漸く細くて薄い踏み跡が切り返して登っているを発見して這い登る。と、
目の前に赤テープ。ルートに間違いないと確信。



さて、ここから高みに直登も考えたが傾斜が凄いので左前方に見える稜線を目指すと



再び赤テープ、ルートに間違いは無い。



斜面を斜めに登りながら踏み跡を辿ると今度はキラキラの目印、これは頂上まで
絶えることなく付けられていて大いに助かったーーと言うより此れが無かったら
登頂は多分不能だったろう。



今度は木の杭、何かが掲示されていた痕がある。撤退に備えて赤鉢巻をして目印とした。



方向を左前方に決めて一気に稜線に到達すると何と目の前に道標。
右上に誘導しているのか、左から登ってきての途中目印か?



一直線ではあるが傾斜の厳しい尾根道を進むと、目の前に巨大岩。いや、良く
脇を見ると単純な岩ではなくずっと上まで続く巨大な岩帯だ。



左右どちらにも踏み跡がある気配だが何となく左を選んだらさっきのキラキラリボン。



安心して進んだらいきなり左が鋭く落ち込んだ際どい道でロープ付き。
下地が極端なくらい軟らかくズルズルと落ちるので体をロープより山手
にいれて慎重。



傾斜地を冷や汗出して通過したら今度は圧迫感のある岩の下を中腰で。



やっとロープは終わったがこんな断崖の上に登る羽目になつて上に着いてから思わず
座り込む。



岩帯の上に着くと又目印がヒラヒラと出迎える。この後は東から西に向かって
等高線の混み合った小尾根の一本登りが待っていた。



右上方に小尾根が合流しそうなのが遠望できたが、幾ら登っても近づかない感じで
息継ぎ休止が頻繁。



漸く、正面に城址の腰曲輪らしきものが見えで元気が出る。



曲輪に立つともう本丸が一段上に見える。



そして、本丸到着(12.22)。標識の裏が見えるので完全に東ルートの成功だ。



標識はすかいさんの物を含めて低山にしては異例の多さ。









登山口で見たと同じの木の杭があつた。



落下している標識の中から丁度切り込みサイズに合う物を探したらこれだった。



城址由来説明の看板も地に落ちていた。



別途、爺イのメモから記すと
碓氷郡誌には
「この城の創建は建久四年、頼朝が浅間三原野に狩を催した時、砦を此処に築いて
飽間太郎勝正を封じたのが始まり。
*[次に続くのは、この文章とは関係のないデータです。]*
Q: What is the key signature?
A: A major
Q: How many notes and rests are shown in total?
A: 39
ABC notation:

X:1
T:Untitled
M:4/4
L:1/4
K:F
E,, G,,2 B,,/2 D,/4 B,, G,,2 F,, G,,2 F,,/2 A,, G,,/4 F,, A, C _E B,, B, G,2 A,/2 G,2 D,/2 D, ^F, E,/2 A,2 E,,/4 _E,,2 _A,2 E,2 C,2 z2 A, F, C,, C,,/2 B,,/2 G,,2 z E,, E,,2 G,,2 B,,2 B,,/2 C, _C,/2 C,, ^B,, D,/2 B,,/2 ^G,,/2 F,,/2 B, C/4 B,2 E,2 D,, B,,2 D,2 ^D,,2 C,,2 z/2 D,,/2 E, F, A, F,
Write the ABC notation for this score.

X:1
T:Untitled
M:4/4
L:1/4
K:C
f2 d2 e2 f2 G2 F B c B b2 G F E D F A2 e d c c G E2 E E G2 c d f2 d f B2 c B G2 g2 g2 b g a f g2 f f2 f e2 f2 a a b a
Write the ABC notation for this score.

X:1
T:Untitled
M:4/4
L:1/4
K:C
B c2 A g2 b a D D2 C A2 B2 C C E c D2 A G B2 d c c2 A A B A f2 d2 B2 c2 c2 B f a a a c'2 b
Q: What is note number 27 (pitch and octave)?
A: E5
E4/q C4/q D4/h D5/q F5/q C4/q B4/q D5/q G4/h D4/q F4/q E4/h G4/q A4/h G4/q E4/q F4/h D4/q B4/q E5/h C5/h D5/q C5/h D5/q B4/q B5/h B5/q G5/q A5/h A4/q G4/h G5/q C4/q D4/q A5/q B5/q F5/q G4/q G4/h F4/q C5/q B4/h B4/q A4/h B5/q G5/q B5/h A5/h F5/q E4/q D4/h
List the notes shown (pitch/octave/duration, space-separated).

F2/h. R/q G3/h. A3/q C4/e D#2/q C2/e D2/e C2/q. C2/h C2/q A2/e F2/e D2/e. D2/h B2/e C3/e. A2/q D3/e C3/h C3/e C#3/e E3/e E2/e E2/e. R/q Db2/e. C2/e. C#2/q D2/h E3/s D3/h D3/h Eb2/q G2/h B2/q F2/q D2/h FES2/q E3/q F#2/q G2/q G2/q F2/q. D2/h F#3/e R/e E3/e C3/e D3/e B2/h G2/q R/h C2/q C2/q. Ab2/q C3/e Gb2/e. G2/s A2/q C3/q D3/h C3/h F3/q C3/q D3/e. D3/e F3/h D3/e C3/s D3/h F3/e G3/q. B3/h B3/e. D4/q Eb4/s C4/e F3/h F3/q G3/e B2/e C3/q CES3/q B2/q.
爾後、累世の居城としたが後胤の飽間三郎勝成が
観応二年、新田義宗に従って笛吹(うすい)峠で足利軍と戦って討ち死。
其の末裔飽間三郎勝俊の代となった時、内出城に転住したために、
その後空き城となった処より、漸次廃絶するに至った」とあるが城塞研究の
第一人者である山崎一氏はその著書・群馬県古城塁史の研究下巻」のP-183で
「築城形式からして鎌倉初期のものではなく南北朝時代のものと判断している。

少々、歴史好きの爺イの蛇足を加えると「建久四年とは1193年、前年に
征夷大将軍になり鎌倉幕府を立てた頼朝にとって絶頂期。この年は有名な
富士の裾野の大巻狩りが催され後年、作者不明ながら曽我兄弟の仇討ちを
テーマにした「曽我物語」を生み全国にその関連伝承が伝播した。
赤穂浪士の討ち入りと伊賀越えの仇討ちに並ぶ、日本三大仇討ちの一つとされるが。
三原野の巻狩りはこの「物語」の中のことで実際にあったかどうかの確証は無い。
新田義宗(1331-1368)とは悲劇の名将・新田義貞の三男、父親が1338年に
敗死してから越後の新田一族に匿われて嫡子として成長。成人すると兄義興、
従弟の脇屋義治(義貞弟の脇屋儀助の子)らと越後、関東で宮方を指揮し南朝を
守るため執拗に北朝側の足利に抵抗した武将。
勝成が戦死した笛吹峠の戦いとは現在の旧軽井沢の辺で1352年の事。
この頃は勿論南北朝の真っ最中で天皇二人、年号二つという内乱激化の時。
内出城とは吾妻の「川戸・内出城」と区別して「上野・内出城」と云われる城址で
安中榛名駅と秋間小の中間にある。

尚、飽間は「あくま・あきま」と読む。秋間にある東上秋間の鎮守「飽馬神社」に
拠ると日本武尊の東征の時、この伊勢森に憩い御馬に飽かせ給いて、伊勢の
大神を祀り「飽馬ノ神社」と称し鎮座し「秋間」の地名の起こりとされている。
内出の飽間氏は1403年に丸亀に転出とされるが確証も無いので戦国時代の
安中武士団の中に居た「秋間七騎」と呼ばれる武士団が其の末裔ならロマンありだ。

軽食と休憩。本日の中日戦はデイゲームなのでのんびりもしていられずに下山開始(12.44)。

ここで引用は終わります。